As a “visible minority” woman, I know first-hand, the challenges one faces to enact citizenship in Canada. Drawing on the work of Westheimer and Kahne (2004), we might take up equality and equity through three different conceptions of citizenship. First, a normative citizenship approach emphasizes the conventional characteristics of a ‘good’ citizen such as honesty. Second, for these two scholars, a progressive citizenship approach involves participatory citizens who take on volunteer projects and vote. Their third concept is informed by a critical approach or ‘social justice-oriented citizenship’ in which citizens question, challenge, and seek to change established systems of inequality and injustice. 

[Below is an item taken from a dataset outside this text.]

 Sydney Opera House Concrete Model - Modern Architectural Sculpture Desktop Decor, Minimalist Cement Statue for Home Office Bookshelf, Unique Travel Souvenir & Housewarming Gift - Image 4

One may see digital citizenship within a similar context. A vision of Information and Communications Technology (ICT) that revolves around issues pertaining merely to availability, accessibility and regulatory mechanisms, is contrary to the view of experts on digital citizenship who advise that we need to move forward from a normative approach that emphasizes only ‘safe, legal and ethical’ use of IT and towards additional questions of digital literacy and digital participation in civic and political affairs. These questions inevitably bring about the notion that equality as digital participation is not only about accessibility and consumption but also equal opportunities to create, interpret and evaluate digital information. Experts show that IT use—equal opportunities to create, interpret and evaluate digital information—has the potential to create a more equitable society. For instance, in a 2013 social action curriculum project developed by Ng-A-Fook, Radford, Yazdanian, and Norris with disadvantaged and marginalized school youth in Ottawa, Ontario, it was found that initiatives such as the development of a social network site to teach novel studies and the establishment of a student-led news broadcast had positive impact on civic participation of participating students.

In contrast, when digital citizenship discriminates against one demographic category at a very young age in schools, this reflects at the social level. A 2017 report—entitled The Digital Talent Dividend: Shifting Gears in a Changing Economy and published by the Information and Communications Technology Council of Canada—reviewed ten years of ICT trends in Canada and raises some alarming concerns in relation to gender disparity in the ICT sector. The report states, “the participation of women in ICT profession has remained relatively constant, averaging between 24% and 25%, for more than 10 years.” At work women are further discriminated against. In 2016, as the report makes clear, women in the ICT sector earned nine cents for each dollar men earned, marking a difference of $7, 600 in annual wages. The underrepresentation of groups who are discriminated against, either as newcomers, marginalized youth or women, are due to a wide array of systemic barriers which in turn impact who has access to equity in a classroom, a workplace, or in curriculum to labor policies. If we are to create a just society, the means and mechanisms, such as ICT, that materialize equitable digital citizenship ideals should also be built upon the principles of equity.